** Opening PROVIDED DATA block **
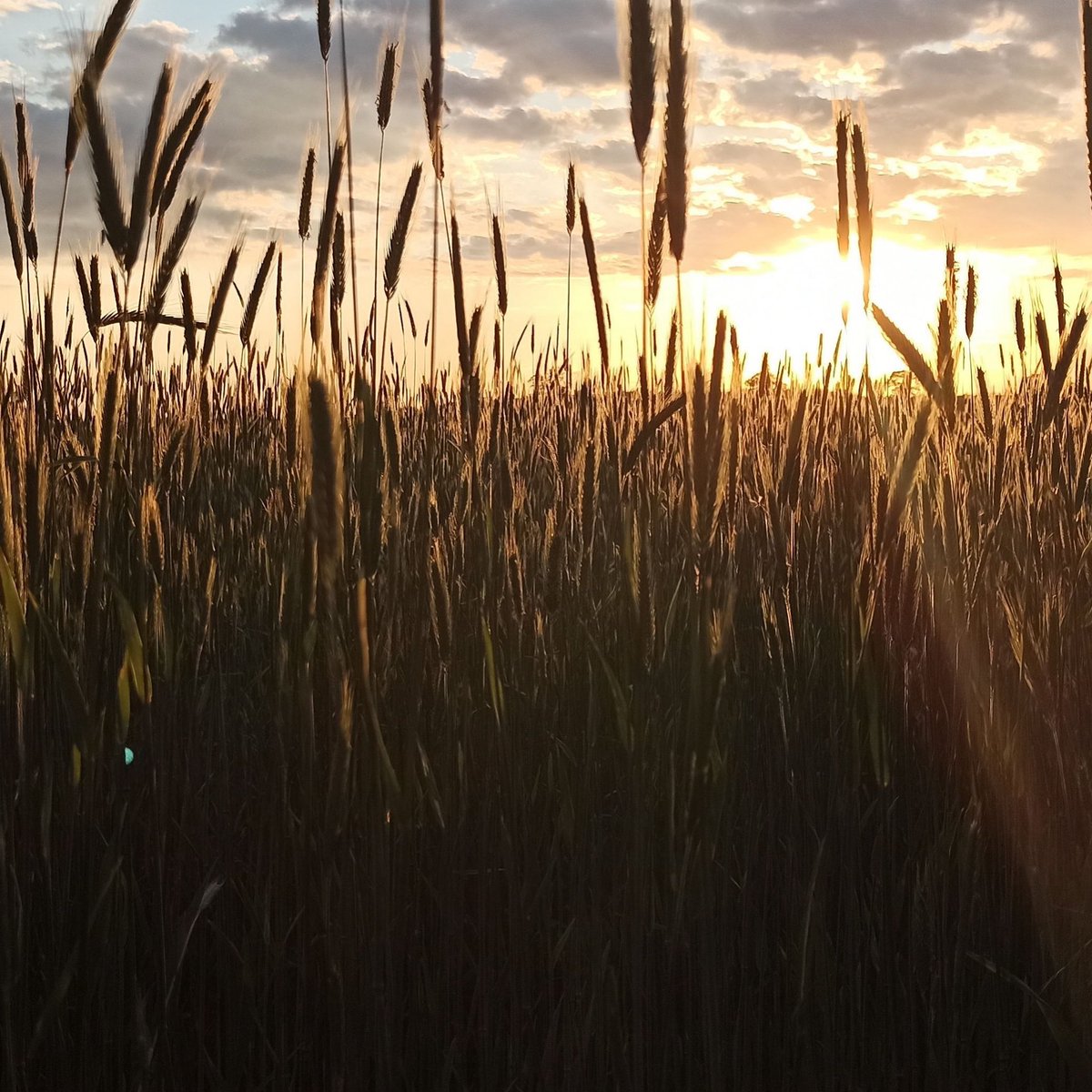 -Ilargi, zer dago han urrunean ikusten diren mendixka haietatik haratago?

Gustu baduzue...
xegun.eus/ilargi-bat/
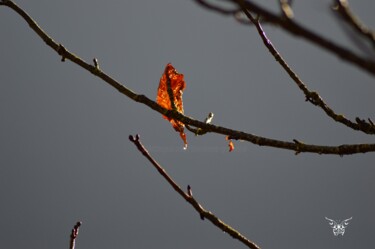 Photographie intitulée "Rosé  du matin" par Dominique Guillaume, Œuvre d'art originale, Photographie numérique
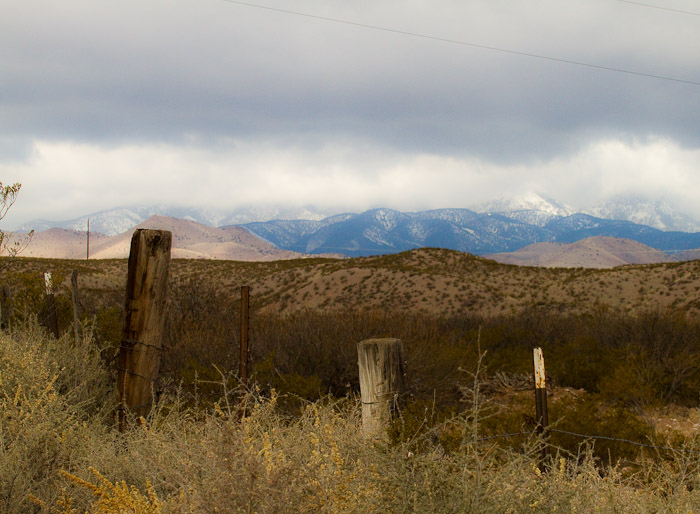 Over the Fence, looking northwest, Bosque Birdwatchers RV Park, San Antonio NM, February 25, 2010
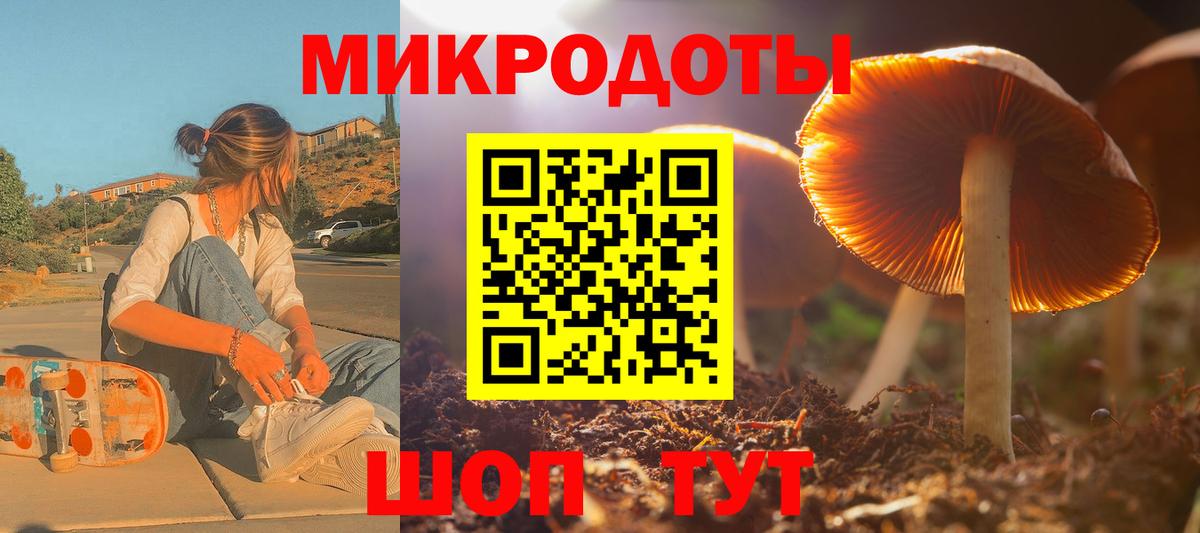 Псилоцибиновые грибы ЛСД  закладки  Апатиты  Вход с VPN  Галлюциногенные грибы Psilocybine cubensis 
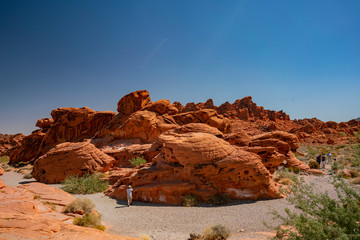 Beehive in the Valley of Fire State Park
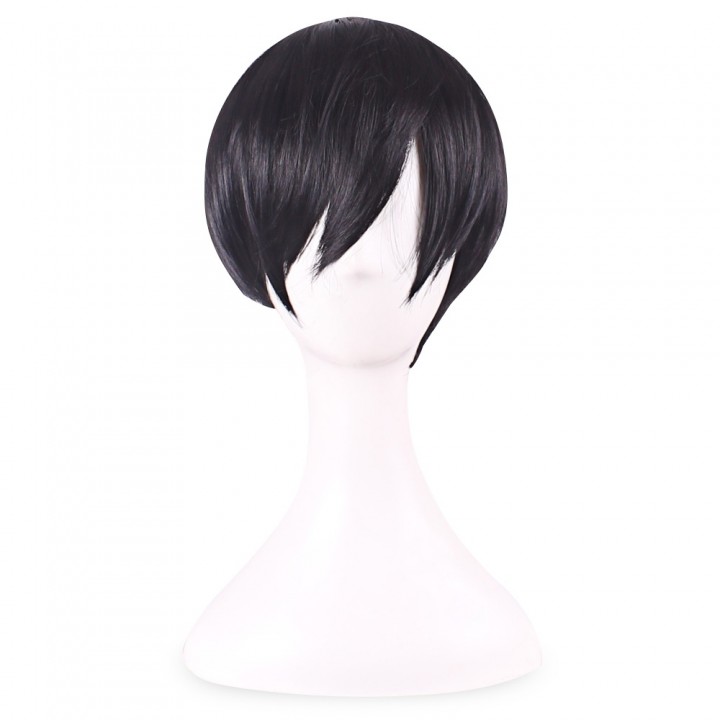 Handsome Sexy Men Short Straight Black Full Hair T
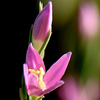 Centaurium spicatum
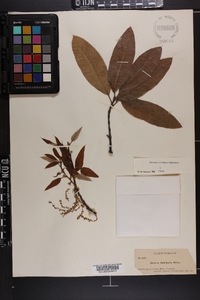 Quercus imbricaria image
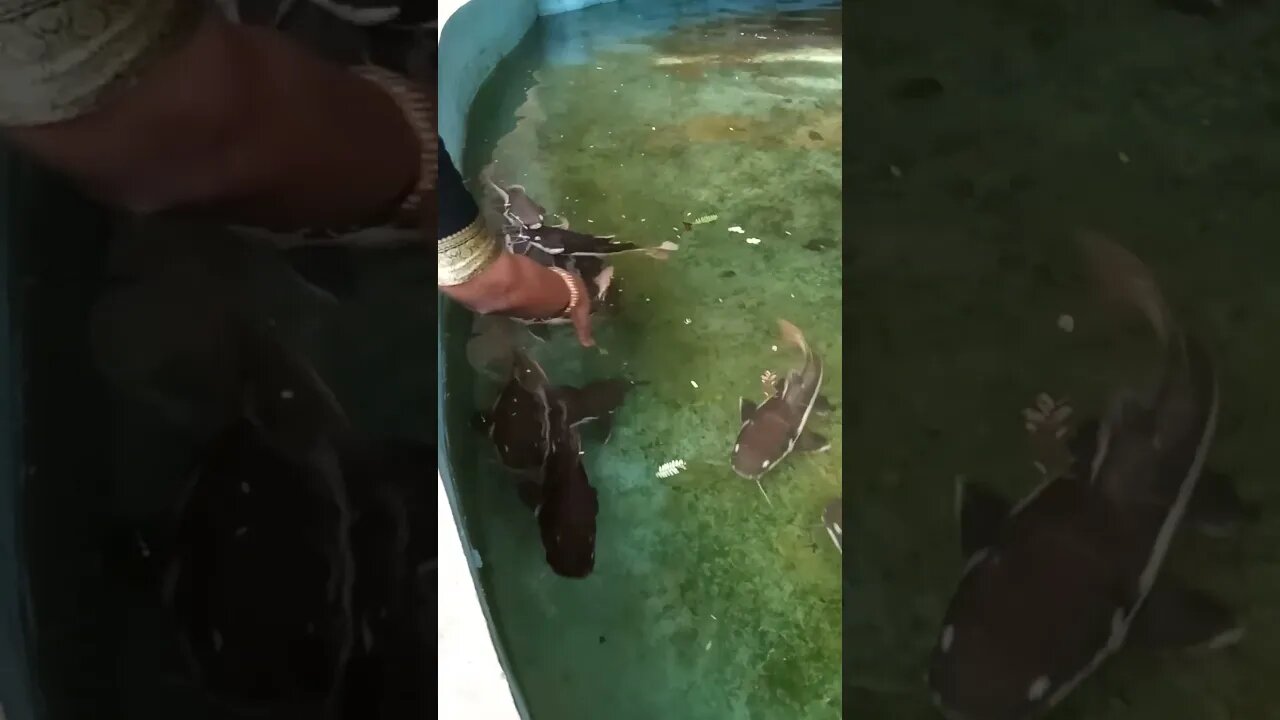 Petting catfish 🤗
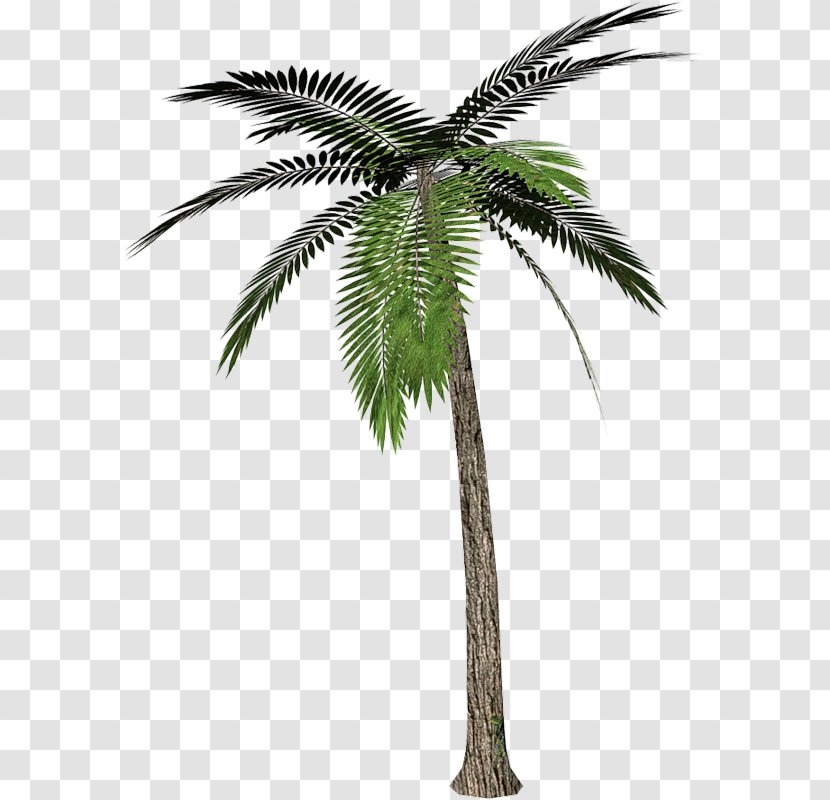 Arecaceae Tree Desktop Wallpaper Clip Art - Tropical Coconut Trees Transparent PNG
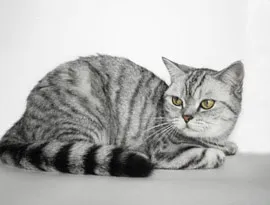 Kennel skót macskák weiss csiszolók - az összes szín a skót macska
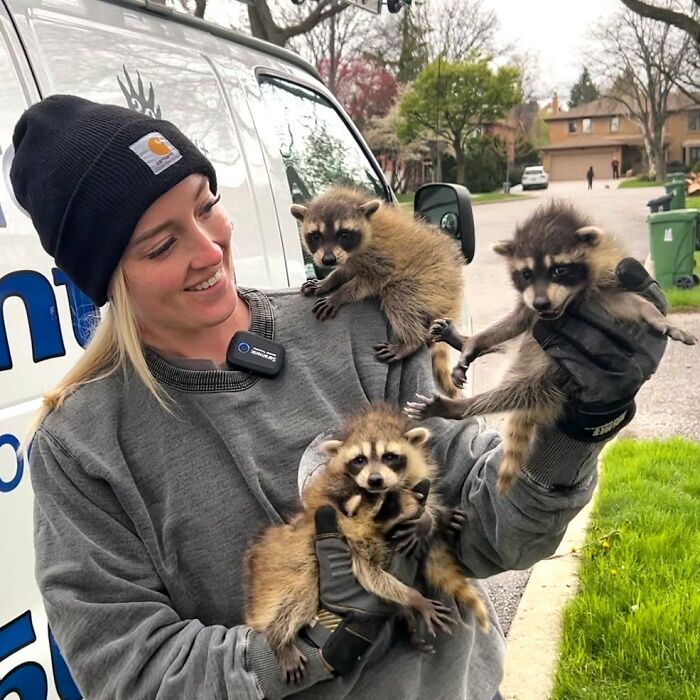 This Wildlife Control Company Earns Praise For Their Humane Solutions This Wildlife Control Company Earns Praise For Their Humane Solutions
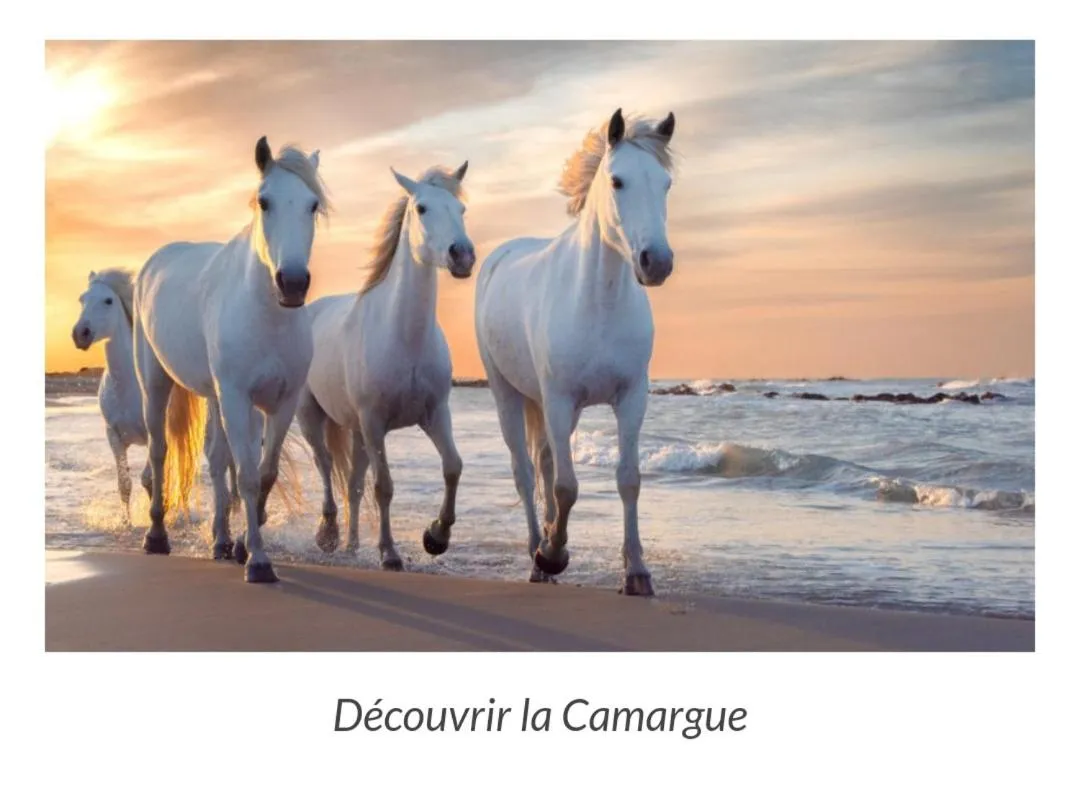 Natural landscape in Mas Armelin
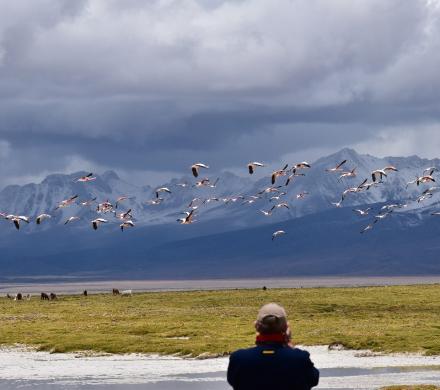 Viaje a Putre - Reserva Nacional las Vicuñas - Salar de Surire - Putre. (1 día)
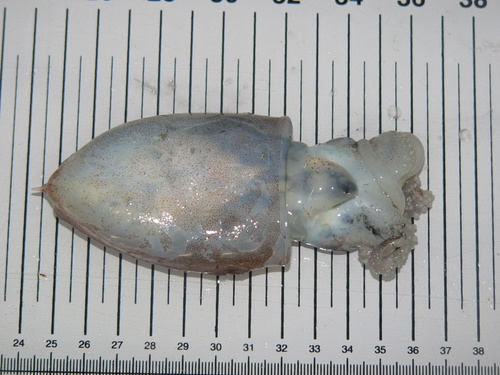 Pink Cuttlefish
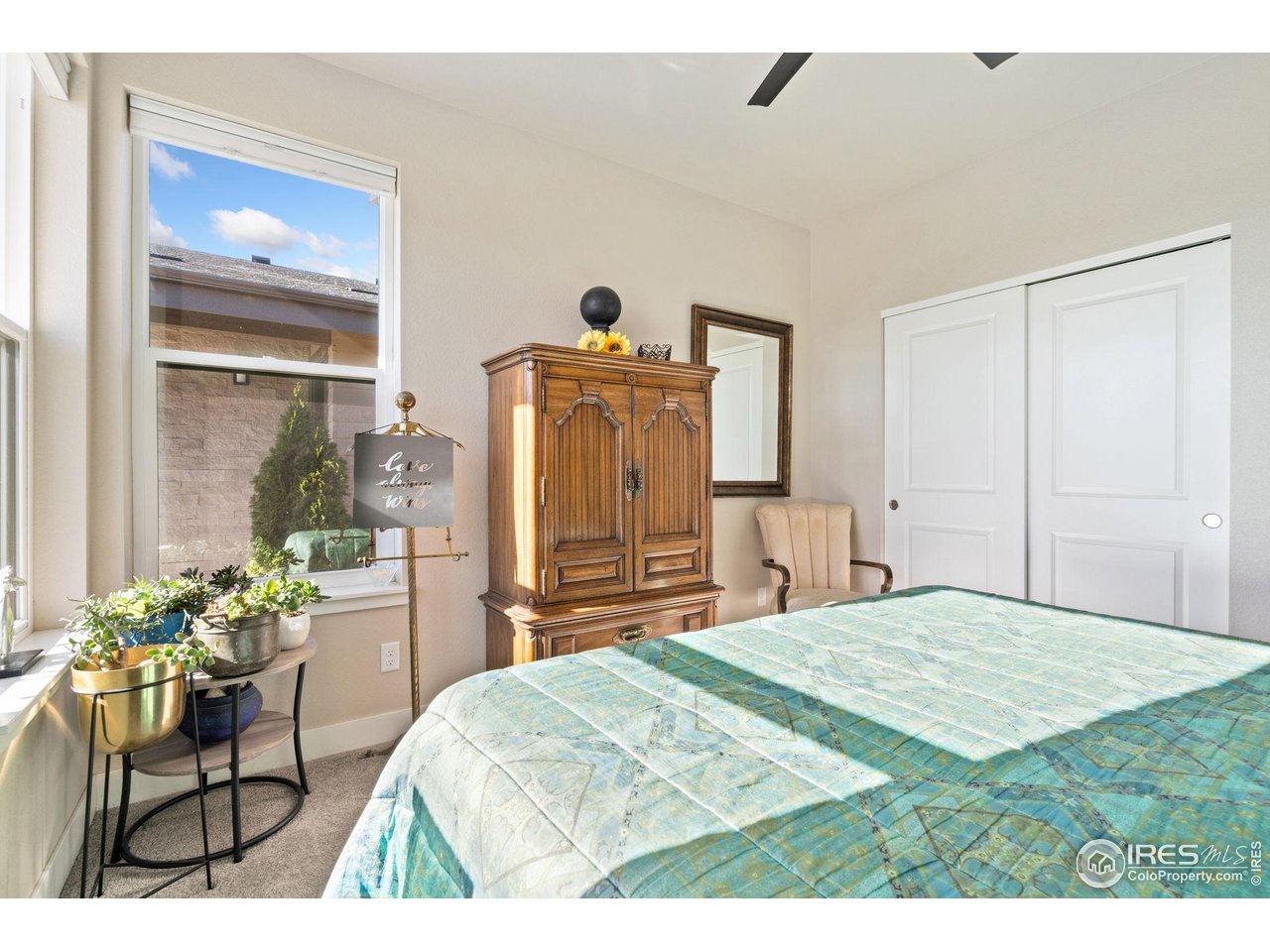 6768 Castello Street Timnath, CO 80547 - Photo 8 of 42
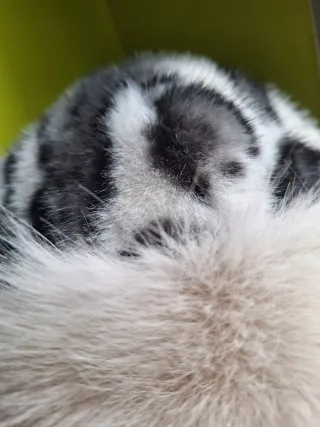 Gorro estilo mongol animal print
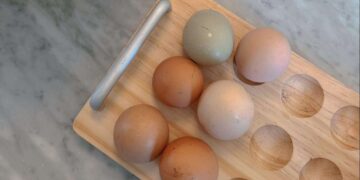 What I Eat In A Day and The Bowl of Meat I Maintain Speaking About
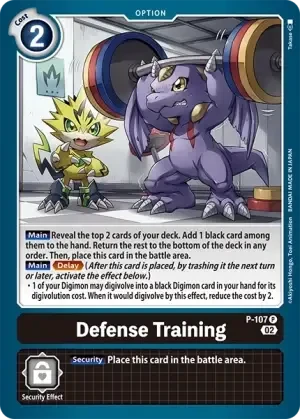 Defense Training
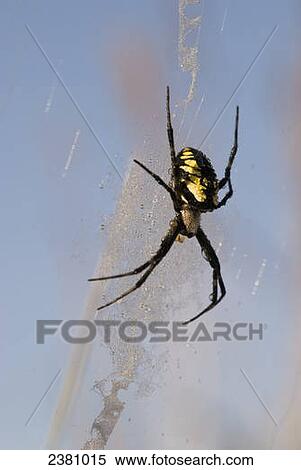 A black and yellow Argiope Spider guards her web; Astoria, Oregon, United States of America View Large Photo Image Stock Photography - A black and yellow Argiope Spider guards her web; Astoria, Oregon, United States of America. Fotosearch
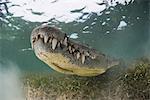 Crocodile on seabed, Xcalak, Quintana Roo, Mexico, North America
** Closing PROVIDED DATA block **
Starting at the line with "Beehive in the Valley of Fire State Park" and finishing at the line with "Kennel skót macskák", copy the material above exactly, both lines included. Nothing else goes in, and no pictures.

 Beehive in the Valley of Fire State Park
 Handsome Sexy Men Short Straight Black Full Hair T
 Centaurium spicatum
 Quercus imbricaria image
 Petting catfish 🤗
 Arecaceae Tree Desktop Wallpaper Clip Art - Tropical Coconut Trees Transparent PNG
 Kennel skót macskák weiss csiszolók - az összes szín a skót macska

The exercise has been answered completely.